When I heard the news my mind immediately cast back to reading, during my research, of how 20th Century Fox studios sued British novelist Graham Greene following his 1937 review of Temple’s film Wee Willie Winkie in the magazine Night and Day. The scandal that erupted following Greene’s comments was no light matter, as he fled to Mexico and faced possible imprisonment. To find and read the full review now is still extremely difficult. It can sometimes be found in the store of a University library, but even today remains hidden from the public eye. 

The New York Times obituary for Temple made an allusion to the event and review, but in the form of a mysterious, short paragraph that suggested Greene was not “a fan.” So, what was it that Greene said which provoked such anger and indignation? 

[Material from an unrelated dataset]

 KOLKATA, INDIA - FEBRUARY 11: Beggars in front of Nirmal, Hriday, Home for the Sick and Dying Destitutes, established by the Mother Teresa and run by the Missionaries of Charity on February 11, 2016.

Certainly his review was extremely unfavourable and he had elsewhere made personal remarks on the child herself, purporting in a strangely snide remark that the child Temple was surely a “fifty-year old dwarf.”  Yet, the culturally ambiguous and uncanny nature of a child that seems old before its time is not a new figure. It is discussed superbly in Claudia Nelson’s Precocious Children and Childish Adults, which focuses on the Victorian era, but nonetheless resonates beyond the confines of that century and gives weight to Greene’s depiction. It was, however, not even his reference to her as “that little bitch”, but Greene’s allusions to the sexual desirability of Hollywood’s child star that caused the greatest rebuke.

Although at points Greene’s review in Night and Day seems vicious, there is something that, at least to today’s readers, seems particularly astute in his observations:

Her admirers – middle-aged men and clergymen – respond to her dubious coquetry, to the sight of her well-shaped and desirable little body, packed with enormous vitality, only because the safety curtain of story and dialogue drops between their intelligence and their desire.

To a point, Greene is not referring to Temple as the real, individual child, but the child who is projected on the screen by savvy marketing teams. She is the one whom the American public has invested hope in and who symbolised all the alluring innocence of childhood. Hers is a childhood constructed out of our nostalgic desires: “Adult emotions of love and grief glissade across the mask of childhood, a childhood skin-deep.”

Perhaps, unwittingly (though whether Greene thought so is unclear) Temple’s perfect formation continually leans towards the coquette. As depicted by the photograph above, this might be visually constructed to enhance those big, seductive eyes in womanly clothes, but with an endearing vulnerability of childhood. In another example, the Guardian‘s piece ‘Shirley Temple: a career in movie clips‘, shows a clip from Early Bird in which, half way through, the child is dancing around in her underwear. She is manipulating her body in ways that make it difficult not to fear or be disturbed by what is being seen under the guise of a bubbly and innocent child star in a very public setting.

It would be overly cynical to suggest that Temple was deliberately utilised for some sort of “sex appeal”, but it is naive to maintain that this wouldn’t have been attractive to many men at the time. After all, sexual abuse or desire for children is certainly not solely a twenty-first-century pandemic.

Jen Baker is a postgraduate research student at the University of Bristol. Her thesis Strange and Bitter Fruit: The Monstrous Child in Fiction and Culture, attempts to create a cultural genealogy of the origins and evolution of ‘the child’ as dark and queer cross-culturally. She is also Co Chief Editor of HARTS & Minds, an interdisciplinary journal for postgraduates of the Humanities and Arts.